Il se pencha pour laisser son front se poser sur le sien. Son souffle caresser sa peau. Bientôt, leurs lèvres se rencontreraient pour échanger l’un de ces baisers dont ils ne s’étaient jamais lassés avec le temps. Il y avait toujours cette retenue en eux qu’ils appréciaient mutuellement. Ce plaisir d’aller au rythme de l’autre. Cet intérêt de former un couple uni malgré leurs différences. Avec les années, Yanis avait finalement compris qu’ils avaient un besoin absolu de l’autre. Ne serait-ce que pour se compléter.

-         Tu n’avais pas une seconde nouvelle à m’annoncer ? Se souvint soudainement Yanis.

Maxime échangea alors juste un bref baiser avec lui avant de se redresser, de se remettre complètement debout et de se saisir des clés posées sur la table.

-         Pour ça, il va falloir prendre la voiture. Je suis certain que tu vas adorer mon idée.

-         Quelle idée ?

-         Ca, tu le sauras quand on sera arrivés à destination.

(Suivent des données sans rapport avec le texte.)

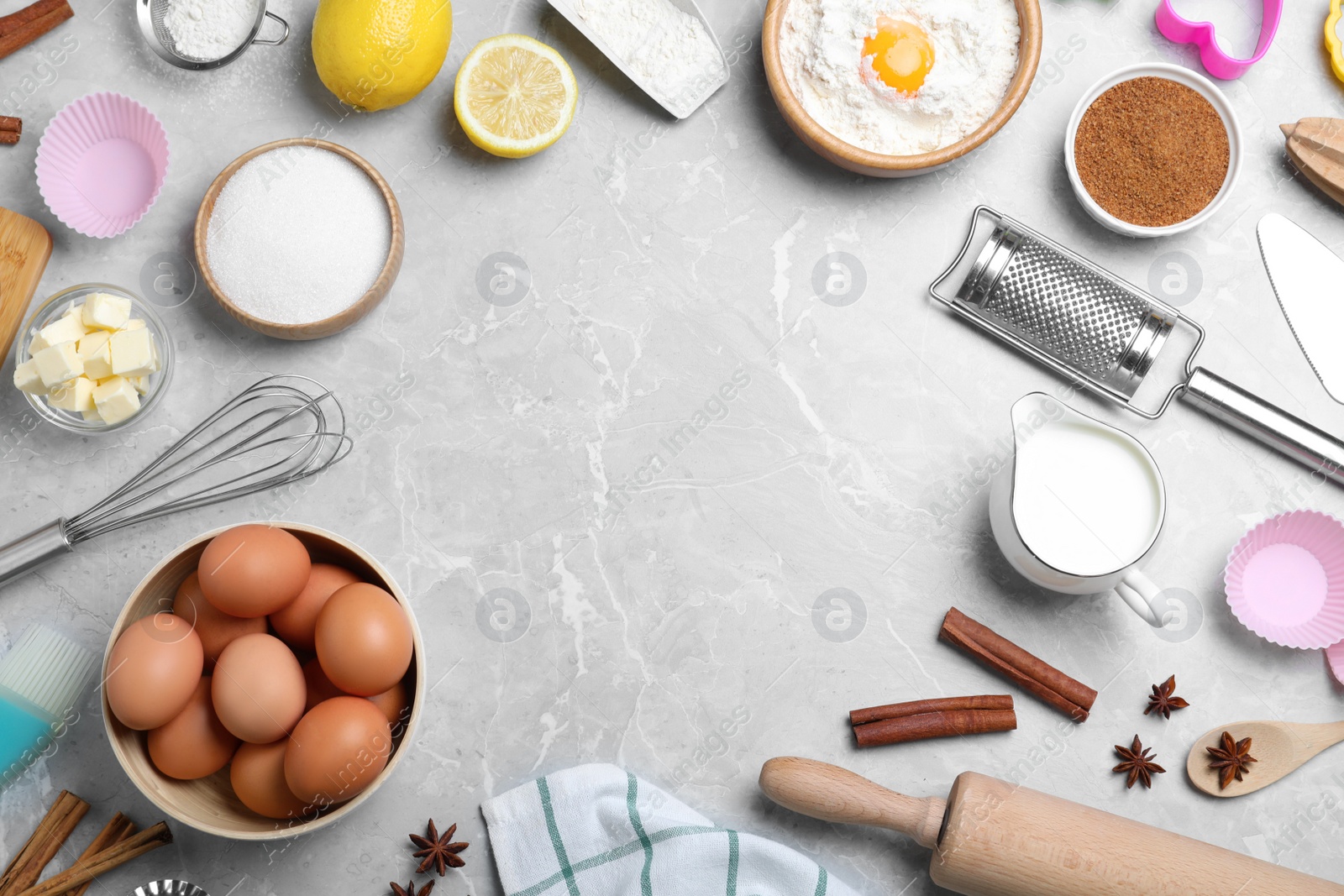 Photo of Frame of cooking utensils and ingredients on light marble table, flat lay. Space for text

Yanis n’insista pas. Maxime ne lui dirait rien pour le moment. Délaissant pour de bon ses occupations de la journée, il se leva également et le suivit. Celui-ci semblait plus que joyeux à l’idée de lui présenter sa seconde surprise de la journée. Yanis s’attendait à tout lorsqu’il s’agissait de lui.

-         Au fait, c’est quoi cette lettre pourpre sur la table ? Fit brusquement remarquer Maxime.

Il jeta un œil à la lettre en question avant de soudainement s’en souvenir. Comment avait-il pu oublier quelque chose d’aussi important ? Ce simple morceau de carton qui ferait plaisir à Maxime ? C’était le genre de nouvelle qui le comblerait de joie.

-         Une invitation, dit-il.

-         Une invitation ? De quoi ?

-         Tu n’as qu’à regarder par toi-même.

Sans se faire prier davantage, le concerné s’en saisit avant d’y jeter un coup d’œil. En un instant, son visage sembla s’éclairer un peu plus si c’était encore possible.

------------

 

Avec le temps, il était peu à peu parvenu à prendre ses marques dans cette maison qui était aussi devenue la sienne pour de bon. Bien sûr il la connaissait par cœur depuis son adolescence, mais Nash n’avait de cesse de se combler de joie en se rappelant à qui elle appartenait réellement. Cette maison perdue au milieu de nul part. Cette maison proche de ce bois dans lequel ils effectuaient de longues promenades à deux. Alors qu’il peignait depuis des heures, depuis son réveil, il sentit une présence dans son dos. Il n’eut même pas besoin de tourner le visage pour savoir de qui était ce souffle qui caressait son cou. Un souffle chaud. Un souffle qui n’avait jamais cessé de se vouloir rassurant et protecteur.

-         Tu es déjà en train de peindre ?

-         Comme tu le vois. Mais rassure-toi, je vais bientôt pouvoir m’arrêter. Ev vient de sonner pour demander s’il pouvait passer avec Nathan. Je vais ranger mon matériel.

-         Non, va y, continue. J’aime te regarder peindre.

Nash le savait. Depuis Sainte Bénédicte il le savait parfaitement. Pourtant, il posa tout de même son matériel sur le bord du chevalet. Il n’aimait pas peindre en sachant qu’il devrait brutalement s’arrêter dans quelques minutes lorsque l’on sonnerait à la porte. Autant le faire tout de suite dans ces conditions. Surtout que ce tableau avait beaucoup d’importance.

-         J’ai une galerie dans deux semaines.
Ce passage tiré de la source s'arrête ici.